┏━━
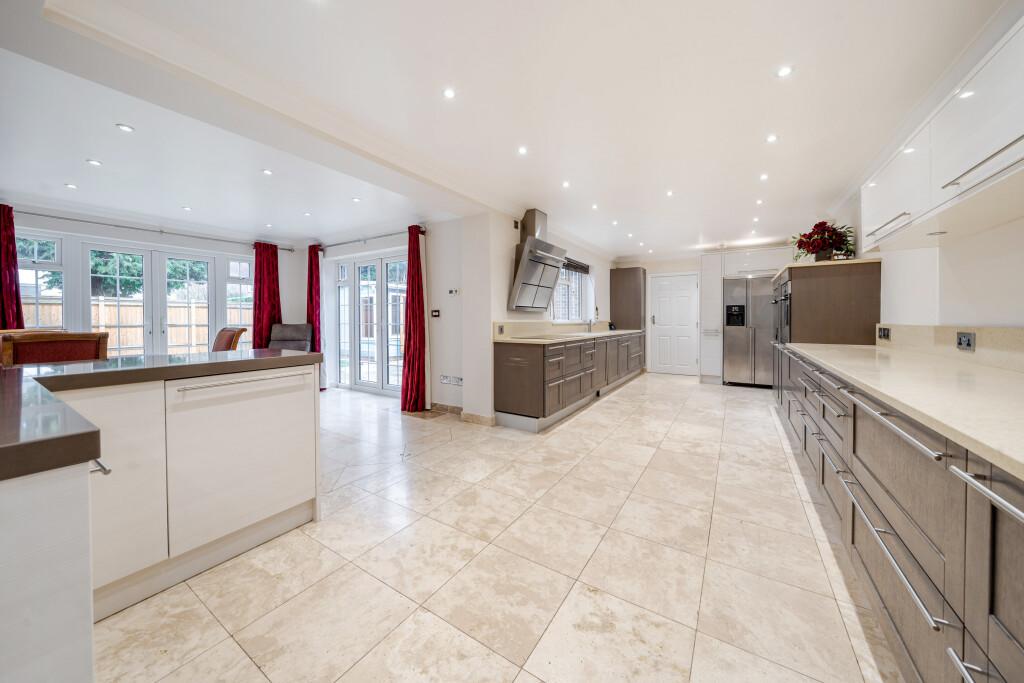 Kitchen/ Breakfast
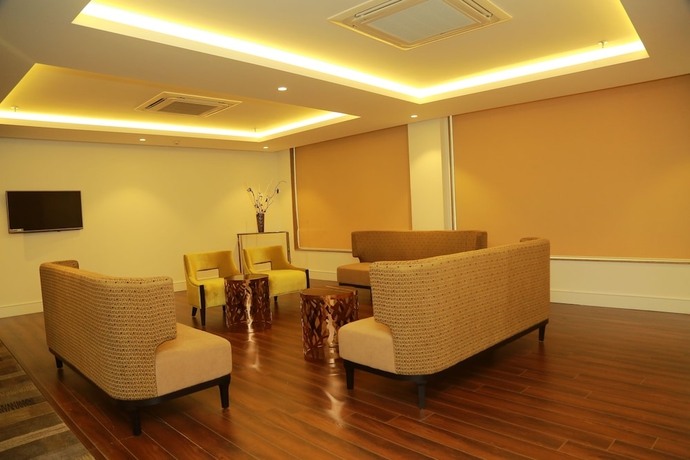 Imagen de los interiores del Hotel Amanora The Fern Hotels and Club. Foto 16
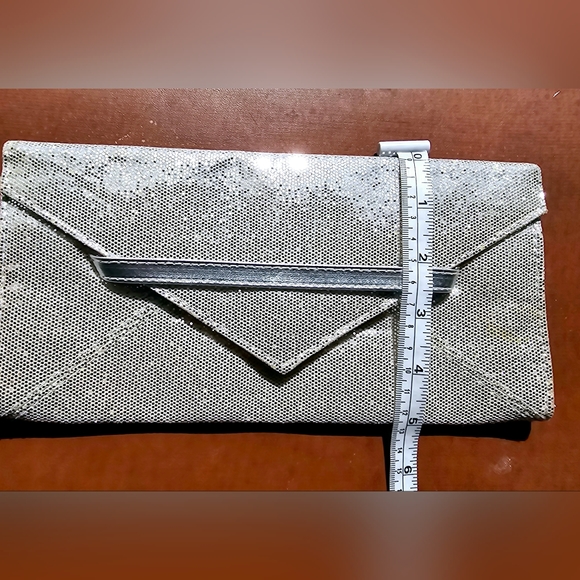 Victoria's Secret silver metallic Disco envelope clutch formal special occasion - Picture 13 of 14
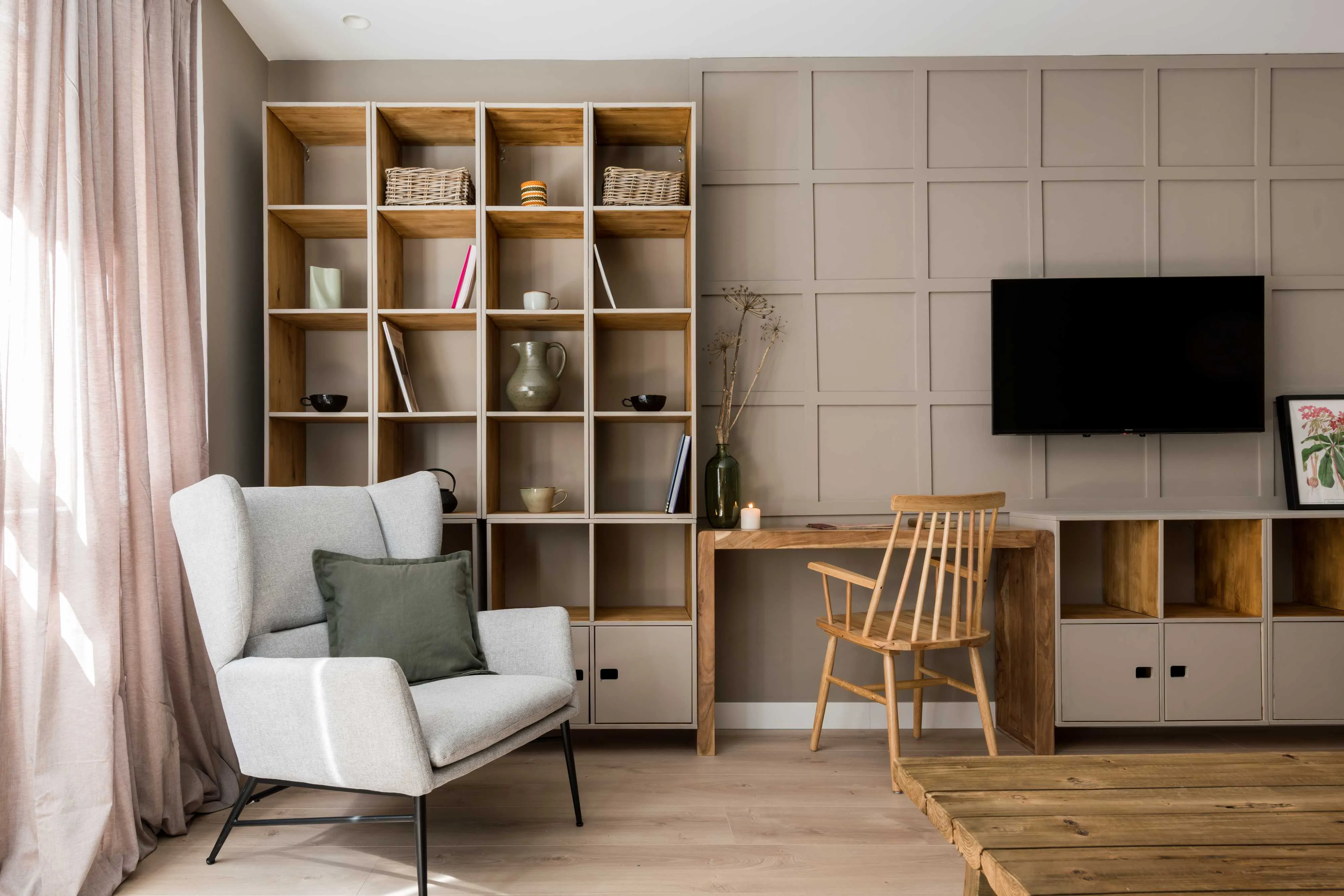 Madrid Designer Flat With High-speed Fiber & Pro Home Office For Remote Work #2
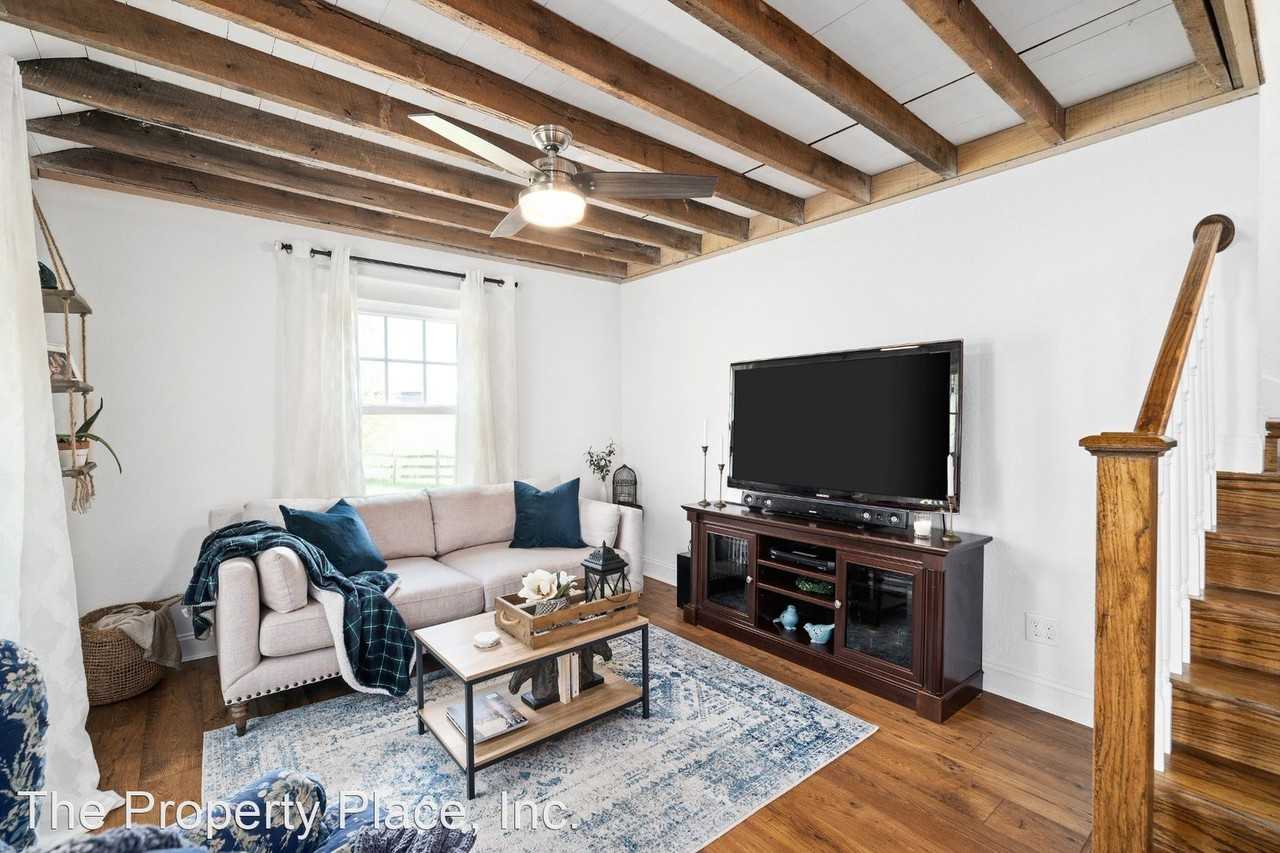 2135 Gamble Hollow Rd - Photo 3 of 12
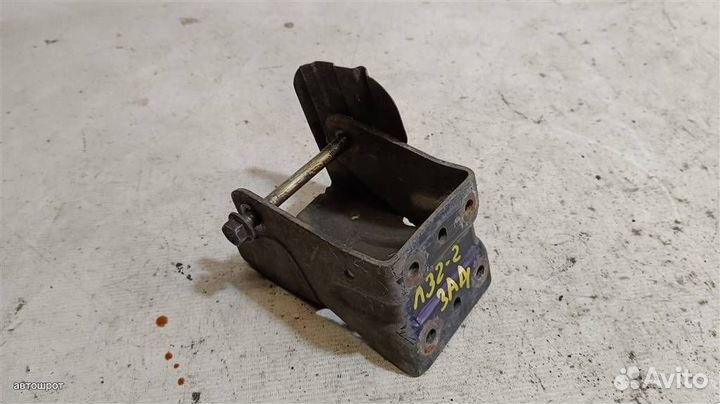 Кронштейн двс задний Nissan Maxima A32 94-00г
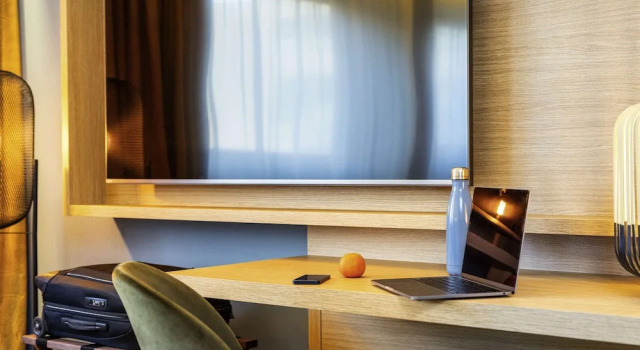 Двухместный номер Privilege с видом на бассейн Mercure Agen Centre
┗━━
Skip the pictures and copy exactly the lines from the one containing "Imagen de los" through the end of the material, both ends included.

 Imagen de los interiores del Hotel Amanora The Fern Hotels and Club. Foto 16
 Victoria's Secret silver metallic Disco envelope clutch formal special occasion - Picture 13 of 14
 Madrid Designer Flat With High-speed Fiber & Pro Home Office For Remote Work #2
 2135 Gamble Hollow Rd - Photo 3 of 12
 Кронштейн двс задний Nissan Maxima A32 94-00г
 Двухместный номер Privilege с видом на бассейн Mercure Agen Centre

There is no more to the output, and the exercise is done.